Parmi les partis signataires, figurent les Forces démocratiques unifiées (FDU), dont la présidente, l’opposante hutue Victoire Ingabire, est actuellement emprisonnée au Rwanda, ainsi que le Congrès national rwandais (RNC) dont l’un des fondateurs, le colonel Patrick Karegeya, ancien compagnon d’armes du président Paul Kagame, a été assassiné au début de l’année en Afrique du Sud.

Est également signataire de la lettre, le PDR-Ihumure de Paul Rusesabagina, dont l’histoire, en 1994, a inspiré le célèbre film « Hôtel Rwanda ».

Les six partis accusent le Tribunal pénal international pour le Rwanda (TPIR) basé à Arusha, en Tanzanie, d’avoir abandonné ce dossier.

« En effet, en 1997, un enquêteur (australien) du TPIR, feu Michael Hourigan, avait remis à l’ancienne procureur du TPIR, Madame Louise Arbour, un rapport d’enquête impliquant des officiels du FPR (Front patriotique rwandais, actuellement au pouvoir) dans cet attentat », accusent les trois formations en exil.

L’actuel procureur du TPIR, le Gambien Hassan Bubacar Jallow, ne cesse d’affirmer que cet attentat ne rentre pas dans le mandat du TPIR.

« Des juristes de renom, comme (le Belge) Filip Reyntjens, par ailleurs témoin expert auprès du TPIR, ne sont pas du même avis.
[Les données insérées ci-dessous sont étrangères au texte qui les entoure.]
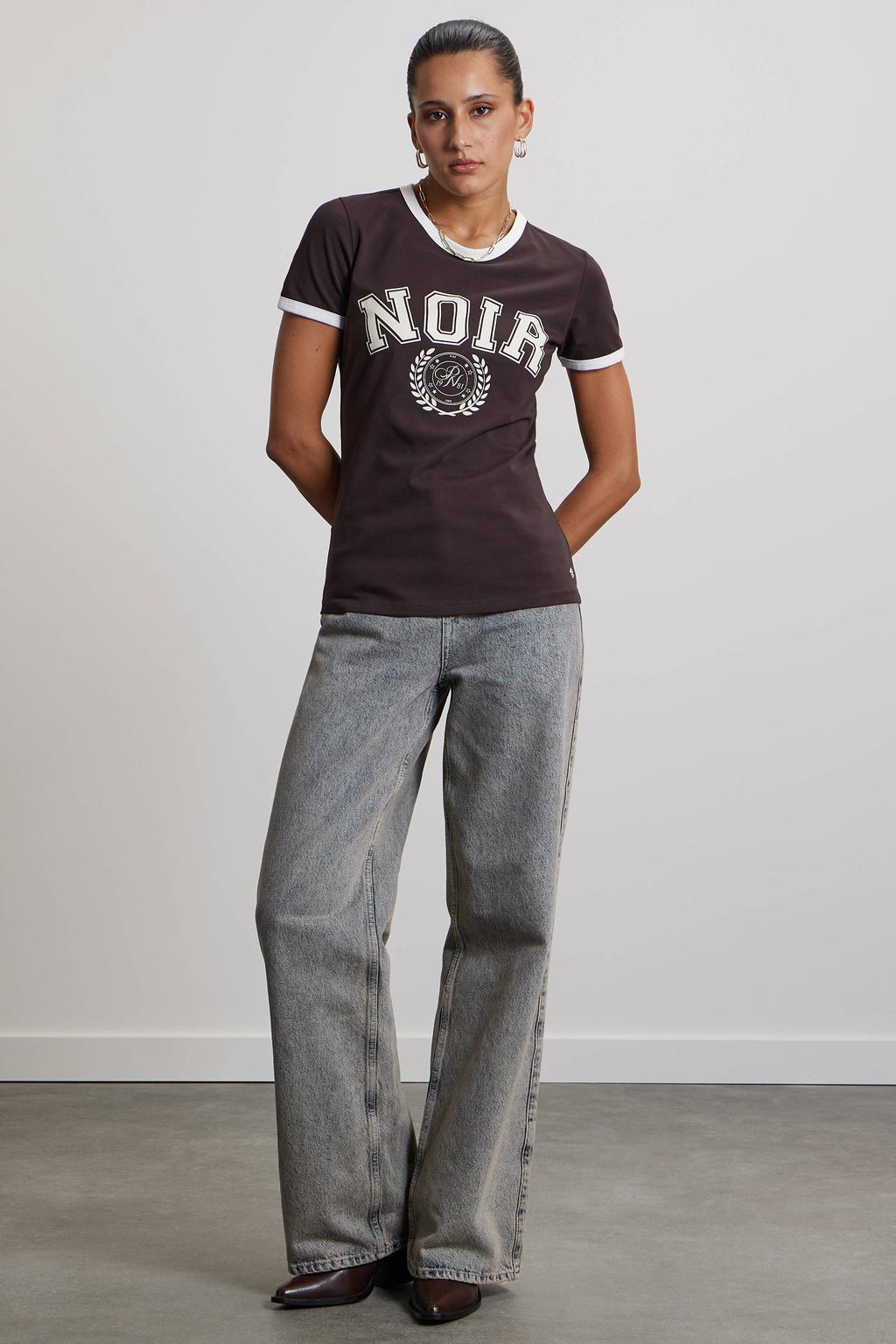 Bruine dames Pink Noir T-shirt van katoen met printopdruk, korte mouwen en ronde hals
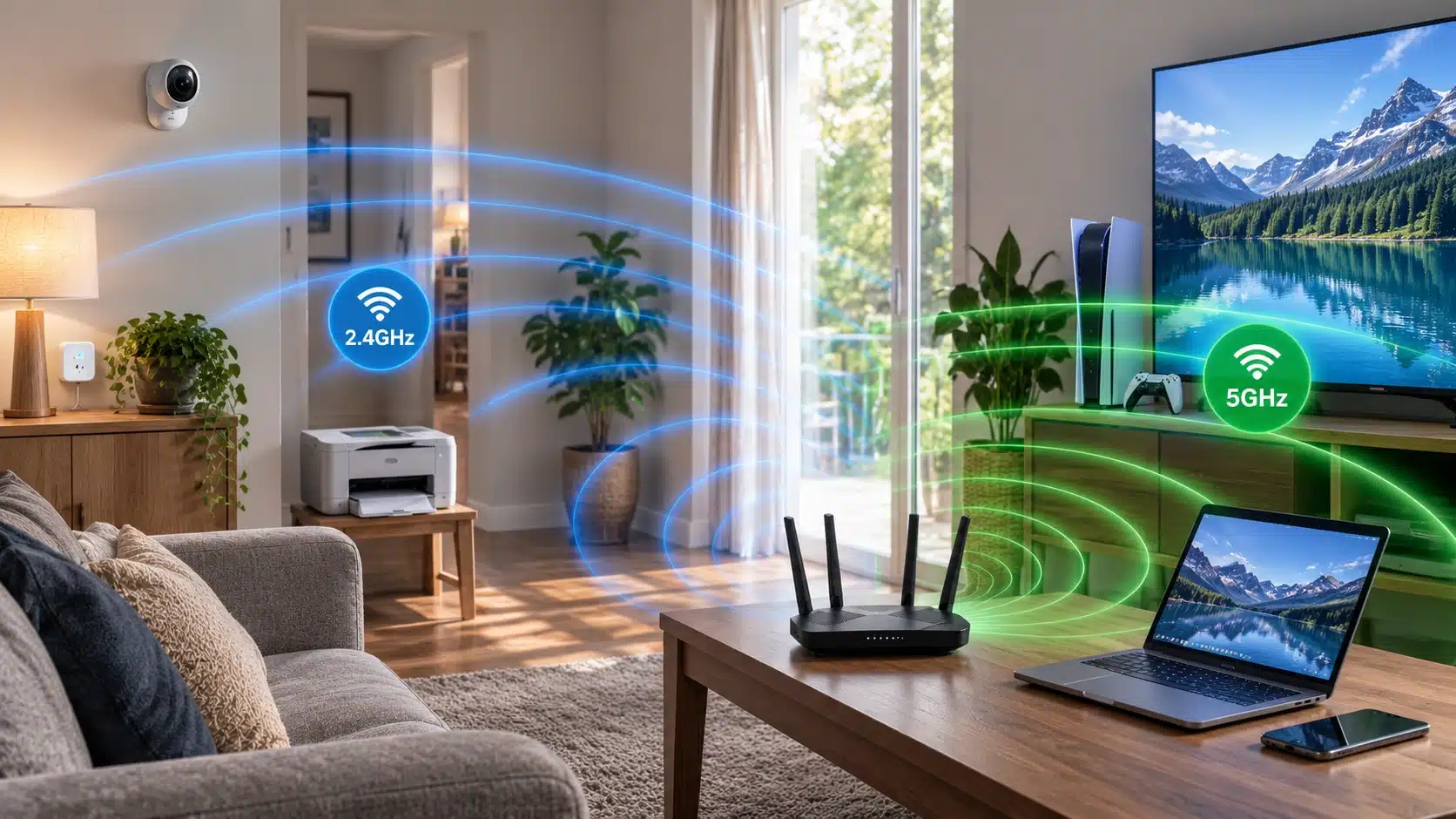 dual band router showing 2.4ghz and 5ghz wifi coverage with gaming console laptop and smart tv connections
Filip Reyntjens affirme depuis des années que l’attentat contre l’avion de Habyarimana rentre parfaitement dans les crimes que le TPIR est habilité à juger », soulignent ces partis.

« Si l’ONU peut s’empresser de demander des commissions d’enquête après l’assassinat d’un ex-Premier ministre libanais, Rafic Hariri, ou pakistanais, Benazir Bhutto, ou même de l’ex-chef de la rébellion sud-soudanaise, John Garang, il est incompréhensible que 20 ans après le drame, aucune attention ne soit prêtée à l’attentat qui a coûté la vie à deux chefs d’Etat en exercice et déclenché le pire génocide que l’Afrique ait jamais connu », estime la lettre.

Les signataires affirment que « depuis cet horrible attentat qui a plongé le pays et la sous-région dans une instabilité sans précédent, beaucoup de fausses pistes sur les responsables de ce crime ont été avancées ».

La lettre dénonce notamment l’enquête rwandaise, connue sous le nom de « rapport Mutsinzi » qui affirme que le président Habyarimana a été tué par des durs de son entourage, opposés au partage du pouvoir avec les rebelles tutsis du FPR, d’alors.

Dans un rapport rendu public en 2006, le juge antiterroriste français Jean-Louis Bruguière avait pourtant désigné Paul Kagame comme le principal commanditaire de l’assassinat.

L’enquête du juge Bruguière a été reprise par son successeur le juge Marc Trévidic qui a remis en janvier 2012 un rapport préliminaire aux parties civiles au tribunal de Grande Instance de Paris.

« Quoi qu’étant préliminaire, ce rapport a fait l’objet d’un tapage médiatique destiné à enfumer l’opinion publique et l’amener à adhérer à la thèse du FPR », écrivent ces partis, se réjouissant cependant du fait que « des langues commencent à se délier dans l’entourage du président Kagame, avec plein de détails sur cet attentat ».

« Nous estimons que le temps presse, avant que le régime du FPR ne se débarrasse de tous les témoins oculaires, comme il vient de le faire en assassinant feu le colonel Karegeya, ex-responsable des renseignements extérieurs, qui s’apprêtait à déposer devant le juge français Trévidic, en charge de l’enquête en France ».